岩佐: 軽さや動きやすさを求める男子選手が履くことが多いみたいですね。その代わりクッション性はないんですが。

フットサルシューズの、アシックスのTOQUEを履いている男子選手が、全日本のランカーでもいました。

── 足が地面を掴む感覚とかは確かにありそうですよね。でも上級者向けのトレンドですよね。

岩佐: そうですね。足の筋力に自信がある上級者が履けば、軽くて動きやすく、グリップも効くと思います。

私が知っている範囲では、かつて江藤慧選手(クローバー歯科カスピッズ)が、フットサルシューズ特有の軽量さとグリップ力、あとデザイン性を気に入って履いていた時期がありました。今は卓球メーカーのシューズに戻しているようです。

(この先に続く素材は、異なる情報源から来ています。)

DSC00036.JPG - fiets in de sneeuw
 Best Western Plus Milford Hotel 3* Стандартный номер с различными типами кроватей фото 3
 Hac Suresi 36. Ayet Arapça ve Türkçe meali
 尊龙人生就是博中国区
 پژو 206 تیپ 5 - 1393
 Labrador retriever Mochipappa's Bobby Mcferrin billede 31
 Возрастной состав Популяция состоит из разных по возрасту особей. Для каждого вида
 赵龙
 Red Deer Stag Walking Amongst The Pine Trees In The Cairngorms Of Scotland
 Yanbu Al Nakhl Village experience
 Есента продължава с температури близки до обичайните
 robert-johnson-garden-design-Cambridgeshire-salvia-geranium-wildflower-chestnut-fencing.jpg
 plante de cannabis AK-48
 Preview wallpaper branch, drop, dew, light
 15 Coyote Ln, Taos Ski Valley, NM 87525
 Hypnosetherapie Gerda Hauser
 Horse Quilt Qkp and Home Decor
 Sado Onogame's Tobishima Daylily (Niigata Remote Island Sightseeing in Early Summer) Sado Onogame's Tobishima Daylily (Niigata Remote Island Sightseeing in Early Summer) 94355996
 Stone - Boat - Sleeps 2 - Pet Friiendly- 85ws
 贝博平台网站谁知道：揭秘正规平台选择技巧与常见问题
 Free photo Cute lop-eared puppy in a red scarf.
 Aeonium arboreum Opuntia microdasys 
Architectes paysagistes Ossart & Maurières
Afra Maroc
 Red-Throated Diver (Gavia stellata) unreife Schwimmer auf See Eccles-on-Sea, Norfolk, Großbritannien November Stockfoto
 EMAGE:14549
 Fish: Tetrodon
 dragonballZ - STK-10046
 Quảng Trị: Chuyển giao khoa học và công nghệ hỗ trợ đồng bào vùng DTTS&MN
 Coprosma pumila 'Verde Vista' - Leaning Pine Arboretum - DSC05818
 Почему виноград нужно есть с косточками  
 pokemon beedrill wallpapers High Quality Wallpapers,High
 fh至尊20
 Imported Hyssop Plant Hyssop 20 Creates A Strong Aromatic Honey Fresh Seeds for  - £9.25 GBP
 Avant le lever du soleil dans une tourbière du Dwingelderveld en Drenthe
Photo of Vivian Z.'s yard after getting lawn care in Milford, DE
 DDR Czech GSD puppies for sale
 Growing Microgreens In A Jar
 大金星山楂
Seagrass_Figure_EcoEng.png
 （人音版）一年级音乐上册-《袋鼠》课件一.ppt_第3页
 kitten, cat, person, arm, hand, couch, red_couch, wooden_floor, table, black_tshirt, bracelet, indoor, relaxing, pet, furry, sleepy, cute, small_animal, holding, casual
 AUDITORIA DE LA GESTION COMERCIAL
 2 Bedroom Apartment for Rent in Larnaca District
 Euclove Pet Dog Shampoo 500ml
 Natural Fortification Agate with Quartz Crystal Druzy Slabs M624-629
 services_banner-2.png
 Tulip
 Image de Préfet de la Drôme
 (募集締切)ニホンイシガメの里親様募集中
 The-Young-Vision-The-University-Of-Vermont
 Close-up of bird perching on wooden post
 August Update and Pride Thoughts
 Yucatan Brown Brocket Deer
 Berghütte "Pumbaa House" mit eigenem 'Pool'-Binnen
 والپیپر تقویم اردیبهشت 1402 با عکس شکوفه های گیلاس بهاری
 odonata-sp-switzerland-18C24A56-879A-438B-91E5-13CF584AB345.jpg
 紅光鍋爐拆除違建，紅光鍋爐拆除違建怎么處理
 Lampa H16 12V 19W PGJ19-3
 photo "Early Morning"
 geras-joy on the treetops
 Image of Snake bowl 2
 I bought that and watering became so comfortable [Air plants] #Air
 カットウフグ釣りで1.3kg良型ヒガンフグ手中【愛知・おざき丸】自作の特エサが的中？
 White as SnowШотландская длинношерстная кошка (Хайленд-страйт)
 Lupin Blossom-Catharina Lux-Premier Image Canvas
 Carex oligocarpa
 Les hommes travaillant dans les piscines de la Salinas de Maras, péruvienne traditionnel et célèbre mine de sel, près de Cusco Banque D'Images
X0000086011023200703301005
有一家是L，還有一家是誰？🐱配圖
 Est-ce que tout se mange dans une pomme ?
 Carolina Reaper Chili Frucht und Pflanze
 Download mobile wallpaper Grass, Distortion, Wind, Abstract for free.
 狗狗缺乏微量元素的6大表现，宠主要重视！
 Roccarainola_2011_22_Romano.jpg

ただ、クッションがないので、一般のプレーヤーが履いてプレーすると疲れるはずです。

── お店で薦めることはあるんですか。

岩佐: いや、それはないです(笑)。

バドミントンシューズは、年配の方で足が痛い方に1万円前後のクッション性の高い商品を紹介したことはあります。卓球シューズでクッション性の高いものは、もう少し値段がしてしまうので。試合のルール上は、問題ないですから。

卓球シューズならではの良さは

── 逆に卓球シューズならではの良さはどんなところですか。

岩佐: 左右の動きには本当に強いですね。

先週来たお客さんにウェーブメダル7を履いたお客さんが“壁を蹴って戻るような感覚”と言っていて、まさにそうした体感を得られますよね。

最近の調査では、卓球は前後の動きが多いという調査結果もあったりして、まだまだ卓球ならではの動きをサポートする形で卓球専用シューズは進化していくと思います。

卓球売り場で卓球の楽しさを伝えてきた

── ご自身も卓球愛好家であり、量販店の卓球売り場で10年接客を続けてきて良かったと感じるのは、どんなときですか。

岩佐: お店の売り場で試打をスタートさせて約7年です。当時話題になって一番最初の頃に来てくれていた中学生たちが、高校生、大学生になっても、今もまだお店に来てくれます。彼らが卓球を辞めずに続けてくれている一つのモチベーションに、この売り場がなっているとしたら嬉しいですね。

中学生のときは私が勝っていたのに、大学生の今は私がボコボコにされるんですが(笑)、こんなに強くなったんだなあと嬉しくなります。

中学校の卓球部員は多いんですが、高校で続ける割合は低い状況です。高校、大学でも卓球を続けようと思うくらいに卓球の楽しさを、この売り場が伝えていければと思います。

── 良い話ですね。そして、卓球はその後もずっと続けられるスポーツですからね。ありがとうございました。